Bonus List of 13: Baseball knowledge on a cold, winter day

It is cold out; I can’t stand winter, and a good way to feel warmer is to think about baseball. The Bill James Baseball Handbook was delivered yesterday. Here is some stuff I learned from that book, which is filled with numbers and knowledge.

Disclaimer: There are still several really good free agents on the market, so when the labor stuff is resolved, teams are going to add key players before the season starts. At least the teams who care about winning will add players.

13) Does the shift help or hurt and by how much?

Last year, teams shifted on 59,062 at-bats: shifts took away 4,802 hits, but there were 3,946 hits that happened BECAUSE of the shift, so the shift took away 856 hits for the season.

I’m hoping they ban shifts this year; hitters, especially guys with little less power, will go back to being gap hitters/line drive hitters, which makes for more action.

Padres were putting 3B Machado in right field when they shifted vs lefties last year; it is smart under the current rules, but the game is more fun to watch with more balls in play, more guys running the bases. 

12) Seattle Mariners went 90-72 last year, had a really good season, but they were 33-19 in one-run games. Seattle actually allowed 51 more runs than they scored, but still won 90 games- that is very unusual. 

May help explain why the Mariners added Robbie Ray, Adam Frazier to fortify their roster; they will have to be a better team than they were last year, just to win 90 games again. 

11) Seattle’s AL West rival Angels went 25-14 in one-run games last year, and still finished only 77-85; loss of Mike Trout/Anthony Rendon to injury was obviously a problem, but their pitching isn’t good, even when healthy.

Noah Syndergaard pitched two innings the last two years; Halos added him and Michael Lorenzen to improve their pitching. It also gives the Angels another two-way player (Lorenzen) and Jared Walsh used to be a pitcher, too.

Here’s the thing: teams that excel in one-run games one seasons tend to regress the next year- LY’s 25-14 record will be hard to match. Can a healthy Trout/Rendon make up the difference?

10) San Francisco beat the Dodgers by a game last year; Giants were 31-17 in one-run games, Dodgers 24-24. Giants had oldest roster in MLB last year; can they do it again this year? 

9) There were 63 home runs taken away by outfielders last year. Thats one of the most exciting plays in baseball; should more stadiums have outfield fences that are 8 or 9 feet high? 

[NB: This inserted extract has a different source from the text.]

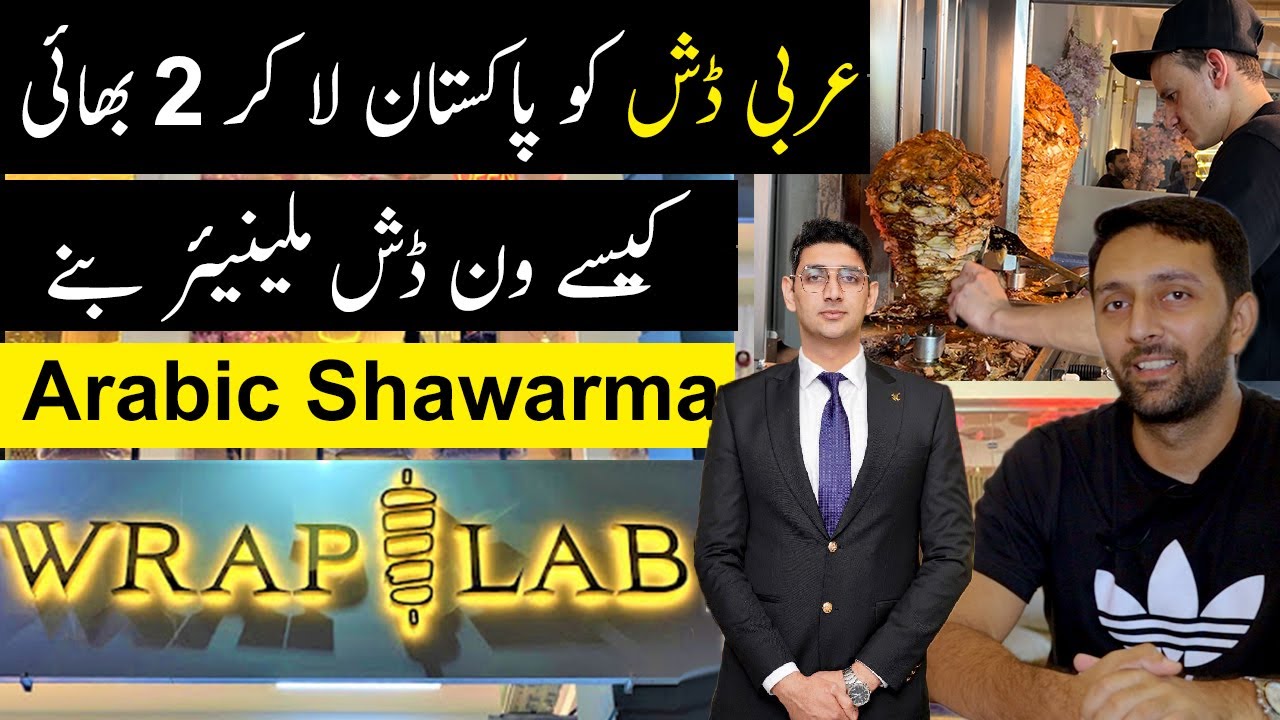 Arabic Shawarma One Dish Millionaires | Wrap Lab | i8 Markaz Islamabad (BUSINESS IDEA)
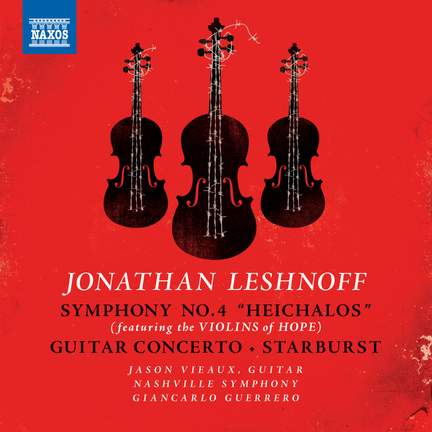 Jonathan Leshnoff: Symphony No. 4 'Heichalos'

8) A’s bullpen fell apart late last year; for the season, they blew 28 of 67 save opportunities, and that was despite fact that Oakland relievers threw only 539 innings, less than any other team. 

7) Toronto Blue Jays missed playoffs by one game LY; they went 3-9 in extra inning games. 

6) Joey Gallo either walked (111) or struck out (213) in 324 of his 616 plate appearances LY. 

5) If the universal DH happens and pitchers never hit again, the last hit by a pitcher (other than Shohei Ohtani) was Julio Urias in last year’s playoffs.

4) Eyebrows were raised when Marcus Semien signed with Texas for $25M a year, but one of the best abilities is availability, and Semien is always available.

He’s played 155+ games in five of last six full seasons, played 162-162 the last two. He hit 33-45 homers the last two full seasons; he is plus-hitter as a middle infielder.

Semien also sees lot of pitches; he saw 2,923 pitches LY, 106 more than any other player, and that helps every other hitter on his team. 

3) Minnesota Twins were 53-53 vs right-handed starters last year, 20-36 vs lefties; they gave Buxton a boatload of money this winter, they’ll need a hell of a lot more than 61 games out of him this year. Miguel Sano has to hit better than .223. Josh Donaldson is 36; how much does he have left int he tank?  

2) Arizona Diamondbacks converted only 44% of their save chances last year, lowest %age in last 20 years (other than the shortened 2020 season). Arizona added Mark Melancon and JD Wendelken to shore up the bullpen.

1) Colorado Rockies were 48-33 at home last year, 26-54 on road; how does that happen?

Over the last ten years, this was the 2nd-biggest difference between home/road records; the biggest difference?

2014 Rockies were 45-36 at home, 21-60 on the road. Go figure. 

Author: Armadillo Sports

I've been involved in sports my whole life, now just write about them. I like to travel, mostly to Las Vegas- they have gambling there.